**Recorded information:**
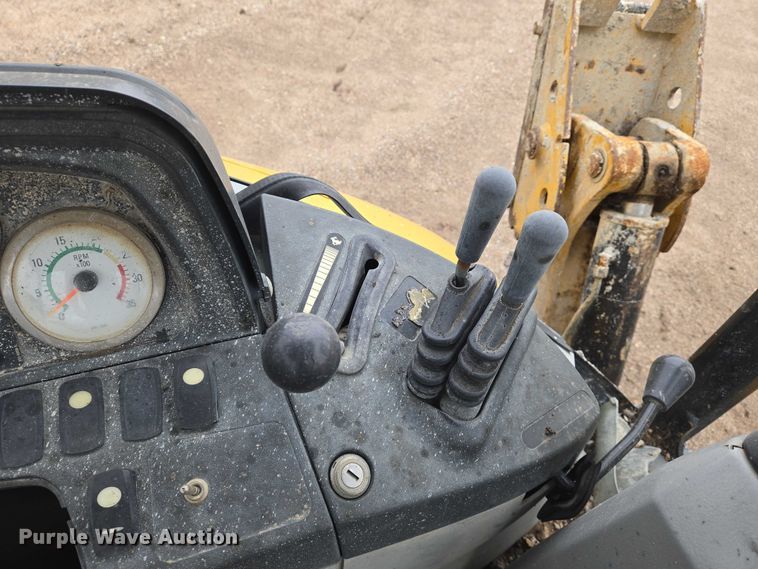 image for item EN8014 2011 Caterpillar 420E backhoe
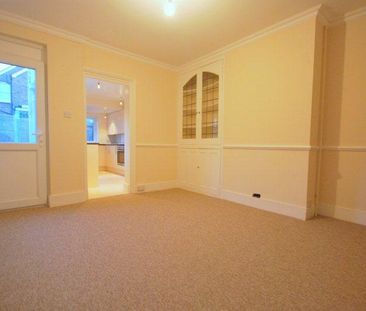 2 bedroom semi-detached house to rent - Photo 3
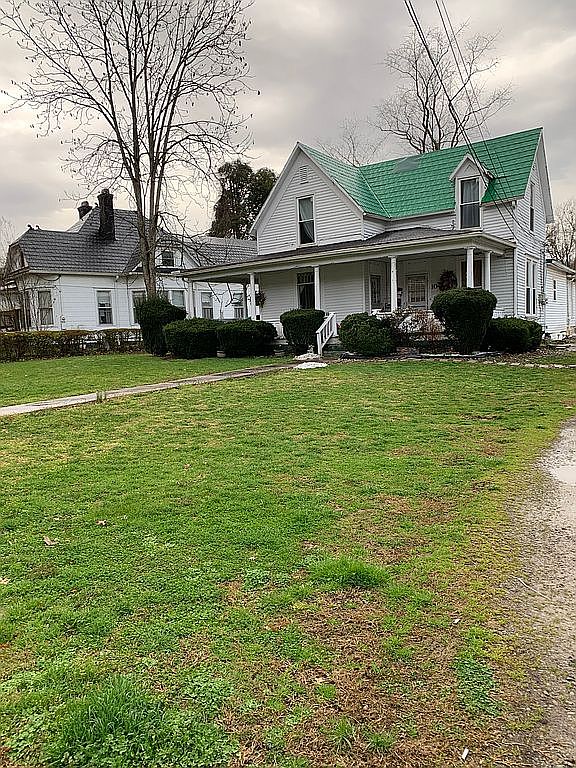 104 Main St, Paintsville, KY 41240 Zillow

**Aim of the exercise:** The data above are to be repeated word for word, with any pictures left out.

**Answer to this exercise:**
 image for item EN8014 2011 Caterpillar 420E backhoe
 2 bedroom semi-detached house to rent - Photo 3
 104 Main St, Paintsville, KY 41240 Zillow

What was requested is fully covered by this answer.